Meindert De Jong, sometimes spelled de Jong, DeJong or Dejong (4 March 1906 – 16 July 1991) was a Dutch-born American writer of children's books. He won the international Hans Christian Andersen Award in 1962 for his contributions as a children's writer.

Life

De Jong was born in the village of Wierum in the province of Friesland, Netherlands. (The correct Dutch and Frisian spelling of his surname is 'de Jong' when preceded by his first name or initials, and 'De Jong' when not.) The family emigrated to the United States in 1914. De Jong attended Dutch Calvinist secondary schools and Calvin College in Grand Rapids, Michigan, and entered the University of Chicago, but left without graduating.
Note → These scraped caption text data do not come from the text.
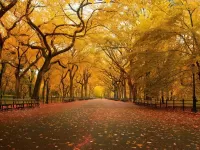 Rompecabezas Autumn park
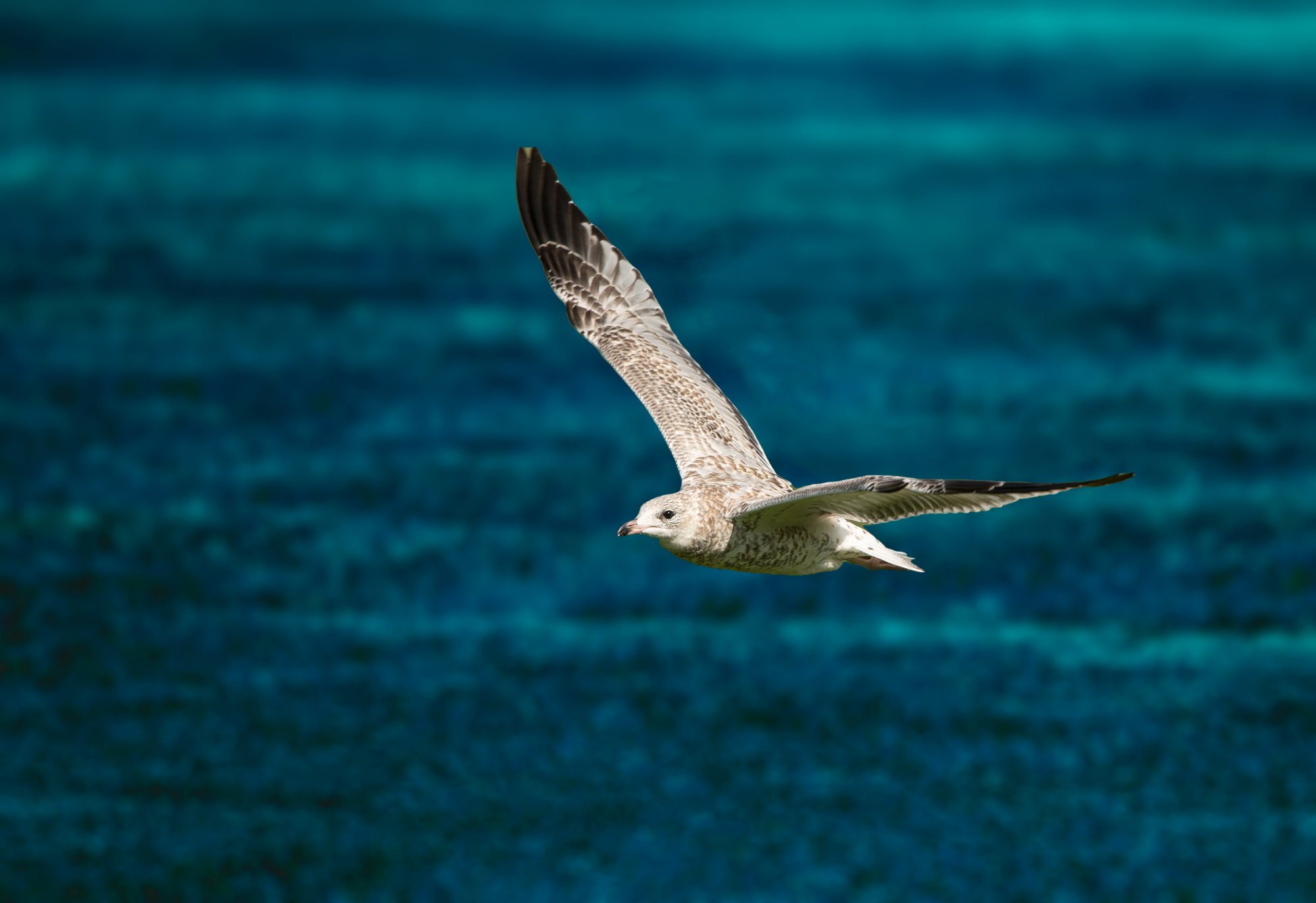 gull over water.jpg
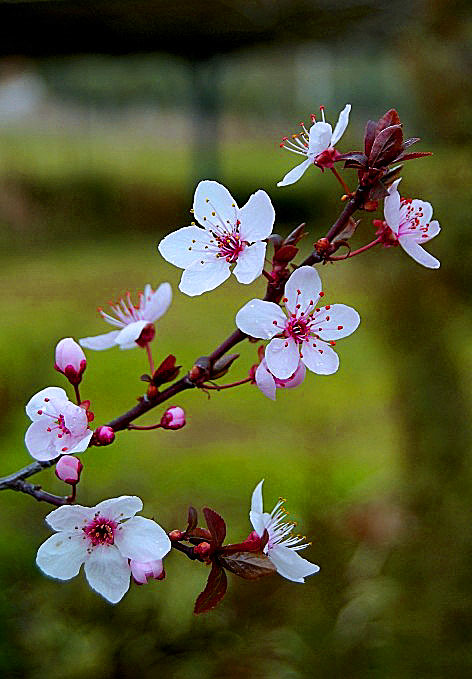 flor de ciruelo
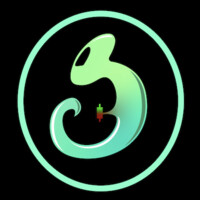 Chameleon Consulting Fx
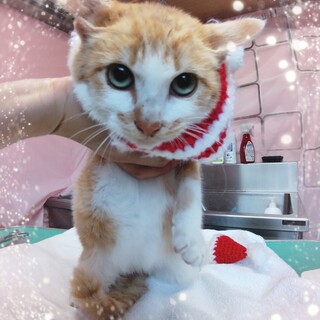 緑っぽいおめめの子猫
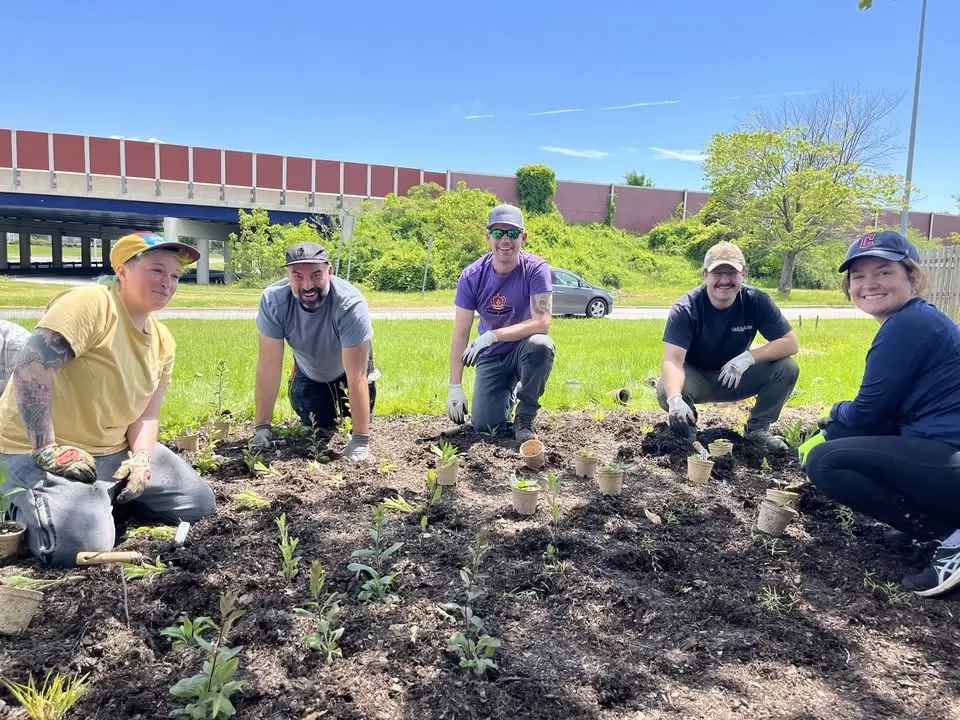 Native Garden Workday: Native garden design basics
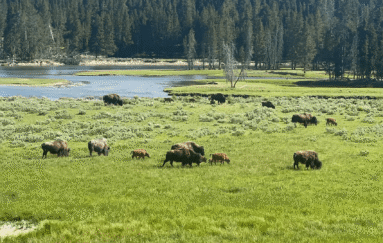 A herd of bison gather on the banks of the Lamar River, Yellowstone National Park.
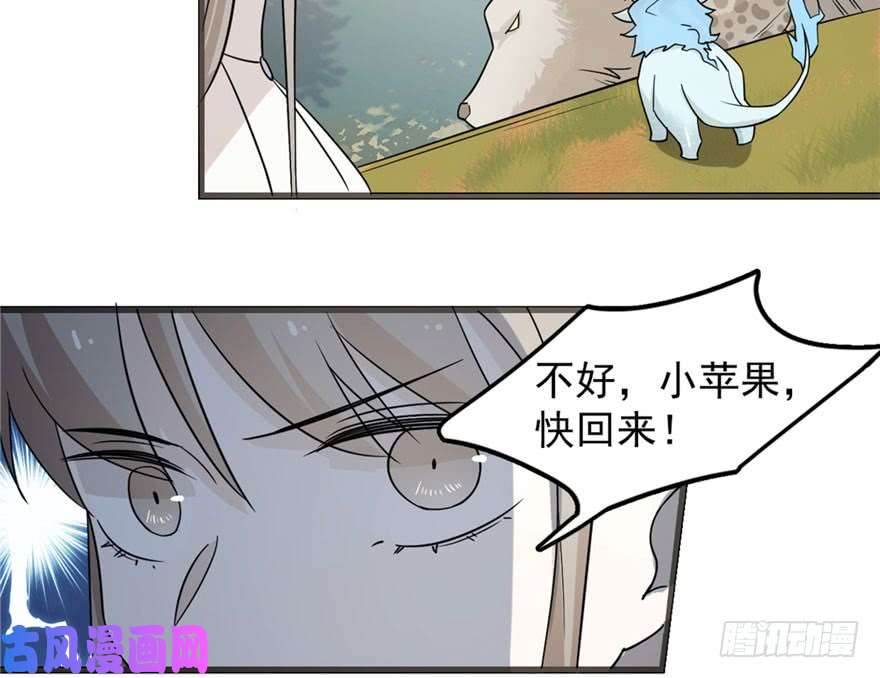 毒步天下：特工神医小兽妃51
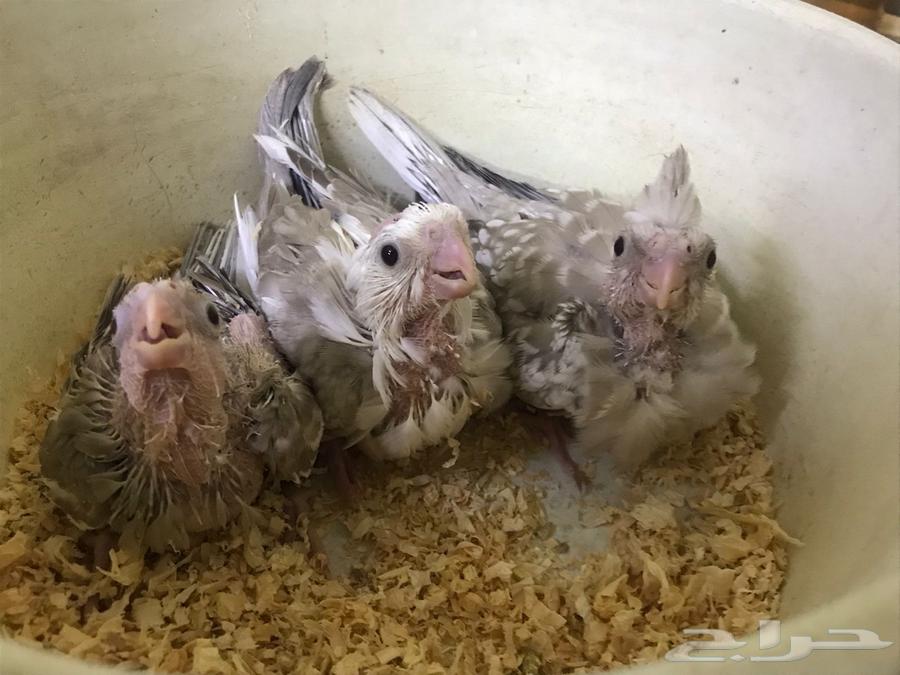 ( تم البيع ) فروخ كوكاتيل ( كروان ) جاهزة للغر والتدريب64578937207426110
De Jong held various jobs during the Great Depression and began writing children's books at the suggestion of a local librarian. His first book, The Big Goose and the Little White Duck, was published in 1938. He wrote several more books before joining the US Army Air Corps during World War II, serving in China.

After the war, De Jong resumed writing, and for several years resided in Mexico. He returned for a time to Michigan. After settling in North Carolina, he returned to Michigan for the final years of his life.

Six of De Jong's books were illustrated by Maurice Sendak.

Awards

In 1962 De Jong won the biennial, international Hans Christian Andersen Award for his lasting contribution to literature for young people. He was the first American recipient of the honor, the highest international recognition for a creator of children's books (later, for a writer or illustrator).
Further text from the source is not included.